Examine how the user interacts with the established grid infrastructure. 4.1 Joining the Grid N/A 4.2 Legacy Application Integration N/A 4.3 Documentation for users N/A 4.4 Usability N/A, Usage as simple and as difficult as any other grid implementation. 4.5 Verification It is as easy as any other grid SRM implementation for an end-user to verify that their application or request has not returned erroneous or spurious results.

5 Developer Experience

How easy is to for a developer to generate their own services for the software – if at all? Untested. 5.1 Documentation for developers Is it available in multiple formats? Does it support keyword searches? Is it comprehensive? Is it accurate? Does it provide a sufficient number of examples/code samples? Does it provide a quick start guide? 5.2 Languages and Tool Support What tooling is available to support development with this environment? Does the tooling support interaction ‘out of the box’ or does it need to be extended with additional handlers etc.?

6 Technical

Any software product will build upon a set of established technologies that may have established industrial support. The stability of the proposed solution needs to be examined with a view to deployment. 6.1 Architecture Is the software based around a service oriented architecture (i.e. is there a discovery of a well defined & specified service interface that other systems can interact with)? 6.2 Standards & Specifications What standards & specifications have been used to build this product? Which does it implement? Does it extend or otherwise modify existing standards? If so, does it do so in a way that is compatible with other implementations of those standards? Will it interoperate with other solutions? Will it interoperate with the principal solutions currently deployed within the UK e-Science community (e.g. the NGS)? 6.3 Security What security technologies and standards are used? Which security models are supported? Does the design of the system follow security best practice guidelines (privilege separation, principle of least privilege, principle of least surprise, etc.)? Has anyone carried out a security audit of the system? Have there been reports of security breaches in deployments of the system ‘in the wild’? How scalable are the system’s authentication and authorisation frameworks?
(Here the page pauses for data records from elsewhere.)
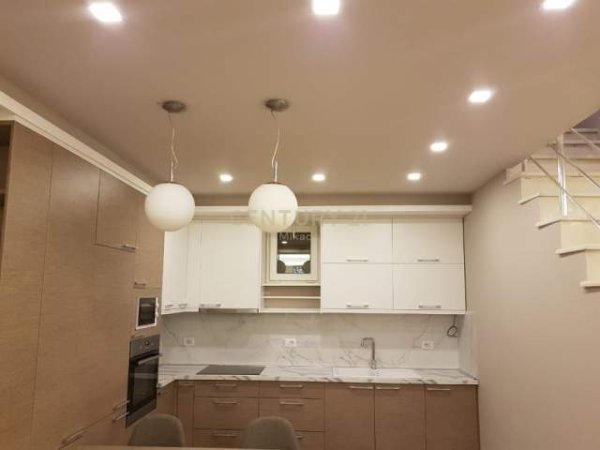 Tirane, jepet me qera apartament 2+1 Kati 1, 100 m² 600 Euro  (Kodra e Diellit Residence)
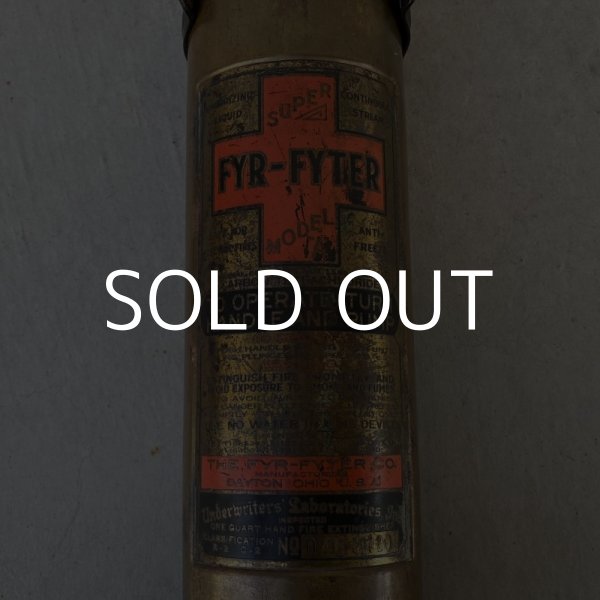 画像4: VINTAGE ANTIQUE FIRE EXTINGUISHER THE FYR FYTER CO. ヴィンテージ アンティーク 消火器 / インダストリアル ディスプレイ 壁掛け アメリカ (4)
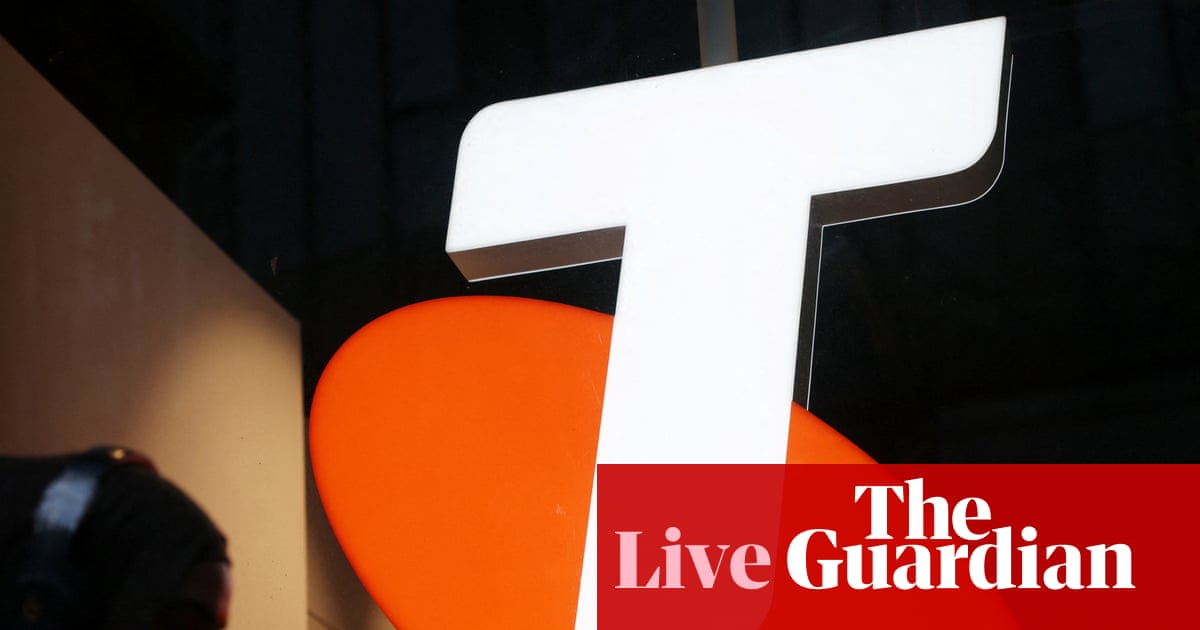 Australia news live: Telstra mobile internet down outage, Triple Zero, V/Line trains network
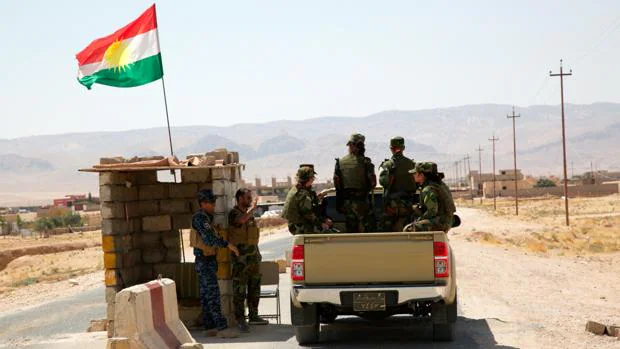 Variaos milicianos kurdos en un control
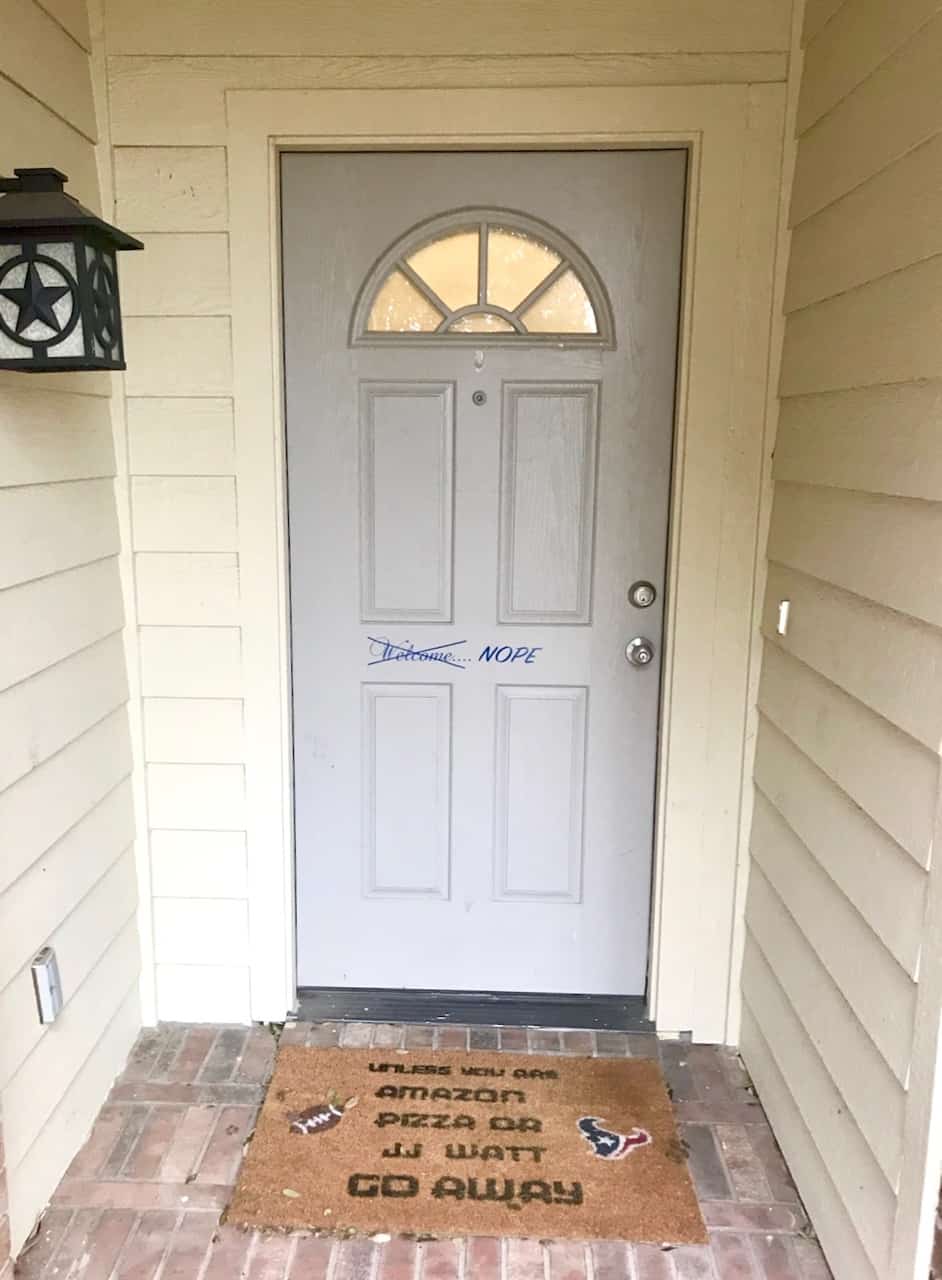 Colors, wreathes, benches, hooks, shoes...What's going on with the Shane sister's front doors and entryways? Are they Pinterest Perfect? You'll have to keep reading to find out! | We Three Shanes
What is the auditing framework of the system? Can the auditing framework be extended or customised? Can audit data be stored remotely? Is the default installation a secure one? 6.4 Industrial Support The number and the size of the pre-existing industrial partners leads to the interpretation that these products cab use large scale hosting environments.

7 Conclusions

Hadoop is widely used in both industry and Academia and may well be a solution for a single distributed file system for usage. BeStMan may also be a useful SRM interface if OSG software interoperability and licence issues can be resolved. It is a solution with less support and usage within EGEE, and so there may well be alternatives which are more desirable to use.